Tuberkulosis adalah
penyakit menular yang disebabkan oleh Basil Micobacterium tuberculosis tipe
humanus, sejenis kuman yang berbentuk batang dengan ukuran panjang 1-3/mm dan
tebal 0,3-0,6/mm. Sebagian besar kuman terdiri atas asam lemak (lipid). Lipid inilah yang membuat kuman
lebih tahan terhadap asam dan lebih tahan terhadap gangguan kimia dan fisik.
Kuman ini tahan hidup pada udara kering maupun dalam keadaan dingin. Hal ini
terjadi karena kuman dalam sifat dormant.
Dari sifat dormant ini kuman dapat bangkit kembali dan menjadikan tuberkulosis
aktif lagi. Sifat lain kuman ini adalah aerob.

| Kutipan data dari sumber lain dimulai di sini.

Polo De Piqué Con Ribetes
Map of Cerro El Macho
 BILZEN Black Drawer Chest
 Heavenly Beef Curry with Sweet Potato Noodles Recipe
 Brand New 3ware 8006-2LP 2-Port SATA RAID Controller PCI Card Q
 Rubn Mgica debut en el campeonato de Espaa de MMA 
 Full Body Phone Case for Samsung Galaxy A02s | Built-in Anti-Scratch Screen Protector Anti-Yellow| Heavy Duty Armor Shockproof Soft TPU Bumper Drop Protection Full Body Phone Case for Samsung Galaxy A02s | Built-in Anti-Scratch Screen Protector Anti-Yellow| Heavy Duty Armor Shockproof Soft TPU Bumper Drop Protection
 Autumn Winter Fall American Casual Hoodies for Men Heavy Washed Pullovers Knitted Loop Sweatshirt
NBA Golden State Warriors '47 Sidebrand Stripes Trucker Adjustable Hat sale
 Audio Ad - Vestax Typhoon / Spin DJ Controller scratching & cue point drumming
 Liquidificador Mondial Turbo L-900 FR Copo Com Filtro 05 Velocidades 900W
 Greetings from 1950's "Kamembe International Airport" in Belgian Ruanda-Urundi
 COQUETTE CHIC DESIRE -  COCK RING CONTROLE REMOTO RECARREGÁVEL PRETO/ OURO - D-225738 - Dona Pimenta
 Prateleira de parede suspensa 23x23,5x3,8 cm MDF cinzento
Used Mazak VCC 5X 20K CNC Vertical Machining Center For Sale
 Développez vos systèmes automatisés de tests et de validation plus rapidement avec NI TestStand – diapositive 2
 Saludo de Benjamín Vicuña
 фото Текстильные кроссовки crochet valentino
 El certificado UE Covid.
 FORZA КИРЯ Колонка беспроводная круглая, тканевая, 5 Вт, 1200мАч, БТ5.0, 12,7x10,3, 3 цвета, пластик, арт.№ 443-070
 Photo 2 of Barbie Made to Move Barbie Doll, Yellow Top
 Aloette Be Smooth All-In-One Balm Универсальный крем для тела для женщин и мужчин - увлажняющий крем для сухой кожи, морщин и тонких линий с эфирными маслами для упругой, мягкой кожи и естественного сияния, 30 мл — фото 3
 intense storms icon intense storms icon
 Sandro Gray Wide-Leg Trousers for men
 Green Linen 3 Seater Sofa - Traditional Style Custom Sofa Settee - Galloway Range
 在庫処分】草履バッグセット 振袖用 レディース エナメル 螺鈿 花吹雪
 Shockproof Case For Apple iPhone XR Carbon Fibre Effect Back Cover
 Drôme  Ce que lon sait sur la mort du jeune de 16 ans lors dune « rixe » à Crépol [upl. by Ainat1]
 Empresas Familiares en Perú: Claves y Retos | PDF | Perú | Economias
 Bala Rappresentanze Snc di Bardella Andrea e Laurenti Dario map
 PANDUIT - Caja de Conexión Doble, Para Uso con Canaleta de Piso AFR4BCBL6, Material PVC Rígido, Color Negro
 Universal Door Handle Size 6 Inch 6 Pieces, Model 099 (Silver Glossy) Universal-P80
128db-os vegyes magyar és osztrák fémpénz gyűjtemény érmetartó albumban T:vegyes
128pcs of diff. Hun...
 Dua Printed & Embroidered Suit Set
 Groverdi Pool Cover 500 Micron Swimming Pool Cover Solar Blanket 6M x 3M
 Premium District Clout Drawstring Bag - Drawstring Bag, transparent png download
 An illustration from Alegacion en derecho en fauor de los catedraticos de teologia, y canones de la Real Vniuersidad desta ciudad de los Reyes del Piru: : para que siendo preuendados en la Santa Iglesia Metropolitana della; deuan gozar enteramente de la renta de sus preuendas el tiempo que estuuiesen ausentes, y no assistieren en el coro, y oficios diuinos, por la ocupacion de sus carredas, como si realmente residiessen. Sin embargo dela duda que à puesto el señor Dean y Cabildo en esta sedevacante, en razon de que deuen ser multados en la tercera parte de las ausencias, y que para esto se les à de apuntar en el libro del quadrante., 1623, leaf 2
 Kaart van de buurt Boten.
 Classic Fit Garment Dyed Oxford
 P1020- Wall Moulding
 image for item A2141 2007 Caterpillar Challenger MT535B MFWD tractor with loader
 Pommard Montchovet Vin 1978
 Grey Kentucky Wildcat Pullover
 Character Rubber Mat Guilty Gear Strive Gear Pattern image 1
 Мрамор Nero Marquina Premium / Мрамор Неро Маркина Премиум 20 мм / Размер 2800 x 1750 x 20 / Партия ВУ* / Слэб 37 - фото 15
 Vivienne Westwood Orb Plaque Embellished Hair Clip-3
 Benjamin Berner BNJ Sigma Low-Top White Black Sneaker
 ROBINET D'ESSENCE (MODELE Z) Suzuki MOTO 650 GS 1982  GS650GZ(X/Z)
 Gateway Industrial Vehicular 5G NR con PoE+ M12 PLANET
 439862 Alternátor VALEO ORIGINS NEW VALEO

Sifat ini menunjukkan bahwa kuman ini lebih menyenangi jaringan yang tinggi
kandungan oksigennya, dalam hal ini tekanan oksigen pada bagian apikal
paru-paru lebih tinggi dari pada bagian lainnya sehingga apikal ini merupakan
tempat predileksi penyakit TB Paru (Amin, 1989).
Tuberkulosis
merupakan penyakit infeksi penting saluran napas setelah eradikasi penyakit
malaria. Basil M.tuberculosis tersebut masuk ke dalam jaringan paru melalui
saluran napas (droplet infection)
sampai alveoli, maka terjadilah infeksi primer (Ghon), selanjutnya menyebar ke kelenjar getah bening setempat dan
terbentuklah primer kompleks (Ranke).
Keduanya dinamakan Tuberkulosis Primer yang dalam perjalanannya sebagian besar
akan mengalami penyembuhan (Amin, 1989).
Tuberkulosis
primer merupakan peradangan yang terjadi sebelum tubuh mempunyai kekebalan
spesifik terhadap Basil Micobacterium tuberculosis yang kebanyakan didapatkan
pada anak usia 1-3 tahun. Sedangkan yang disebut Tuberkulosis Post Primer (reinfection) adalah peradangan jaringan
paru oleh karena terjadi penularan ulang yang mana di dalam tubuh terbentuk
kekebalan spesifik terhadap Basil Micobacterium tuberculosis tersebut. Secara
epidemiologi terdapat 10-12 penderita yang mempunyai kemampuan menularkan,
dengan angka kematian 3 juta penderita tiap tahun, dan keadaan tersebut 75%
terdapat di negara-negara berkembang dengan sosail ekonomi yang rendah. Di
Indonesia merupakan penyakit nomor satu dan penyebab kematian nomor tiga
(Depkes, 2002).
- Patogenesis
a. Infeksi primer.
Infeksi
primer terjadi saat seseorang terpapar pertama kali dengan kuman tuberkulosis.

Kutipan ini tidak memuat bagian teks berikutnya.